=== Work to complete ===
From the line containing "Langjokull Glacier behind" to the line containing "Storage Jar with" in the records below, set down every line exactly as it stands, both ends included, and skip the pictures.

=== Data to examine ===
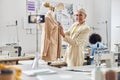 Smiling woman tailor shows new beige jacket shooting video while African-American seamstress sits at workplace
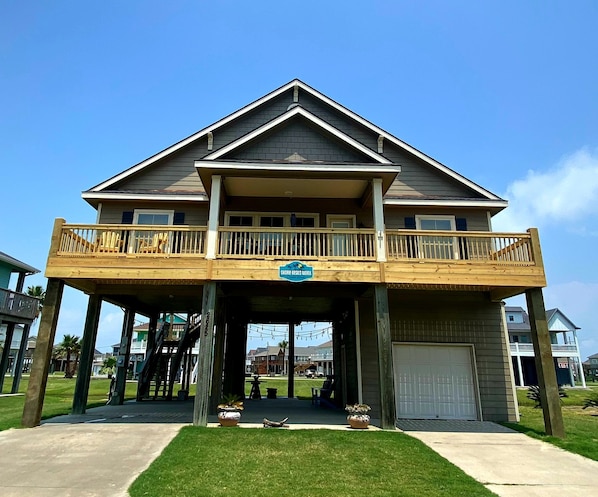 Front facing street and beach.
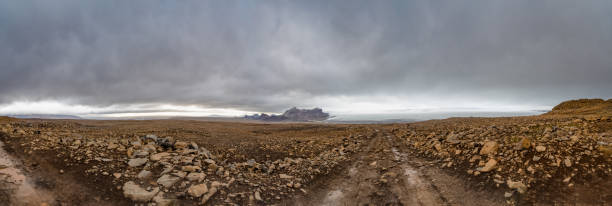 Langjokull Glacier behind huge muddy and rocky wasteland in the heart of iceland stock photo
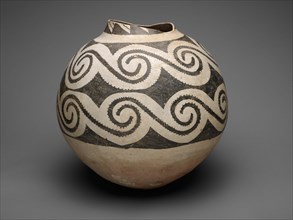 Storage Jar with Horizontal Bands of Interlocking Scrolls, A.D. 875/1130. Round ceramic jar with large black S-shaped geometric designs on cream ground.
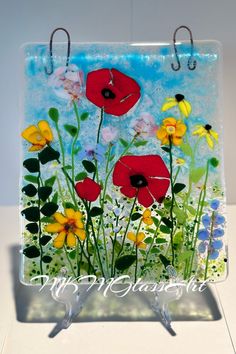 a glass plaque with flowers painted on it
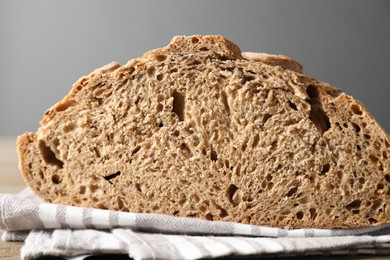 Freshly baked sourdough bread on wooden table, closeup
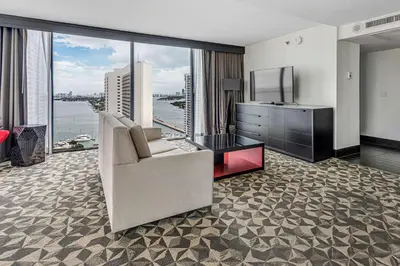 a living room with a couch and a tv and a large window at Hilton Miami Downtown in Miami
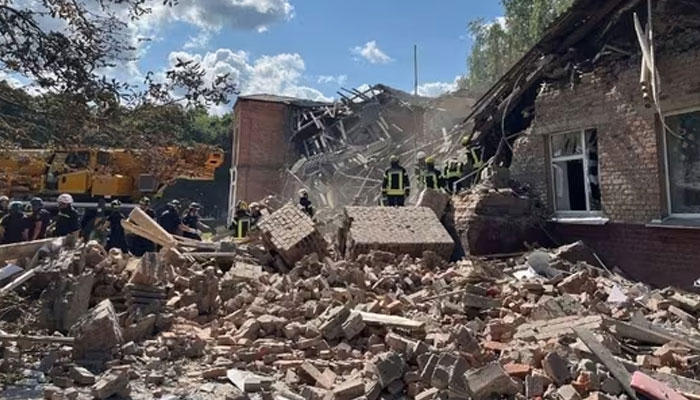 Rescuers clearing debris of a destroyed school following a Russian strike, in the town of Romny, Sumy region. — AFP/File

=== Task output ===
 Langjokull Glacier behind huge muddy and rocky wasteland in the heart of iceland stock photo
 Storage Jar with Horizontal Bands of Interlocking Scrolls, A.D. 875/1130. Round ceramic jar with large black S-shaped geometric designs on cream ground.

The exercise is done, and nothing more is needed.